3. Set up the Qdrant service using Docker:
```bash
docker-compose up -d
```

## Configuration
Configure your environment variables by creating a `.env` file in the project root. Use the provided `example.env` as a template:
```bash
cp example.env .env
```
Fill in your API keys and other necessary details in the `.env` file:
- `OPENAI_API_KEY`
- `GOOGLE_API_KEY`
- `GOOGLE_CX`
- `BING_SUBSCRIPTION_KEY`

## Getting API Keys

### OpenAI API Key
1. Sign up or log in to your [OpenAI account](https://www.openai.com/).
2. Go to the API section and generate a new API key.
3. Copy the API key and add it to the `OPENAI_API_KEY` field in your `.env` file.

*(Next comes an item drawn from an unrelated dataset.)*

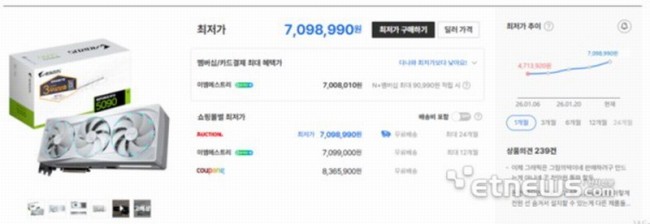 显卡也疯狂！1年前1.7万买的RTX 5090 现在涨至3.4万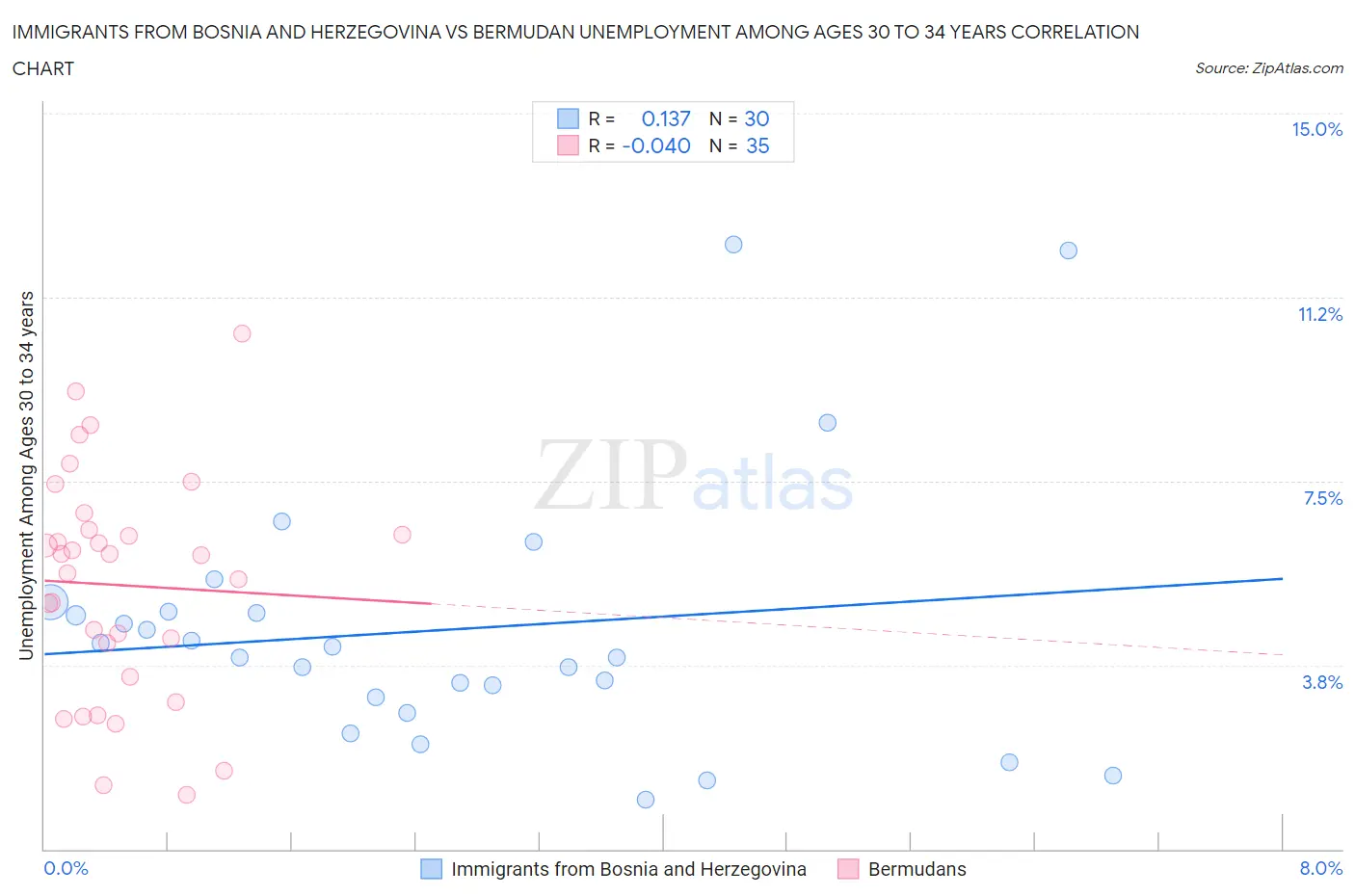 Immigrants from Bosnia and Herzegovina vs Bermudan Unemployment Among Ages 30 to 34 years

### Google Custom Search API Key and CX
1. Go to the [Google Cloud Console](https://console.cloud.google.com/).
2. Create a new project or select an existing project.
3. Enable the Custom Search API in the API & Services library.
4. Go to the [Credentials](https://console.cloud.google.com/apis/credentials) page and create an API key.
5. Copy the API key and add it to the `GOOGLE_API_KEY` field in your `.env` file.
6. To get the Custom Search Engine (CX) ID, go to the [Custom Search Engine](https://cse.google.com/cse/) page.
7. Create a new search engine or select an existing one.
8. Copy the Search Engine ID (CX) and add it to the `GOOGLE_CX` field in your `.env` file.

### Bing Search API Key
1. Sign up or log in to your [Microsoft Azure account](https://azure.microsoft.com/).
2. Create a new Azure resource for Bing Search v7.
3. Go to the Keys and Endpoint section to find your API key.
4. Copy the API key and add it to the `BING_SUBSCRIPTION_KEY` field in your `.env` file.

### Gmail API Key
1. Go to the [Google Cloud Console](https://console.cloud.google.com/).
2. Create a new project or select an existing project.
3. Enable the Gmail API in the API & Services library.
4. Go to the [Credentials](https://console.cloud.google.com/apis/credentials) page and create OAuth 2.0 credentials.
5. Download the credentials file and save it as `credentials.json` in the project root.

## Usage
Run the PyPlexitas script with your query:
```bash
python PyPlexitas.py -q "Your search query" -s 10 --engine bing
```
Options:
- `-q, --query`: Search query (required)
- `--llm-query`: Optional LLM query for answering (defaults to the search query)
- `-s, --search`: Number of search results to parse (default: 10)
- `--engine`: Search engine to use (`bing`, `google`, or `gmail`, default: `bing`)
- `-l, --log-level`: Set the logging level (`DEBUG`, `INFO`, `WARNING`, `ERROR`, `CRITICAL`, default: `ERROR`)
- `-t, --max-tokens`: Maximum token limit for model input (default: 16000)
- `--quiet`: Suppress print messages

## Project Structure
- `PyPlexitas.py`: Main script for running the application.
- `example.env`: Example configuration file for environment variables.
- `docker-compose.yml`: Docker Compose configuration for Qdrant.
- `requirements.txt`: List of required Python packages.
- `README.md`: Project documentation.

## Contributing
Contributions are welcome! Please fork the repository and submit a pull request for any improvements or bug fixes.

## License
This project is licensed under the GPL 3.0 License. See the [LICENSE](LICENSE) file for details.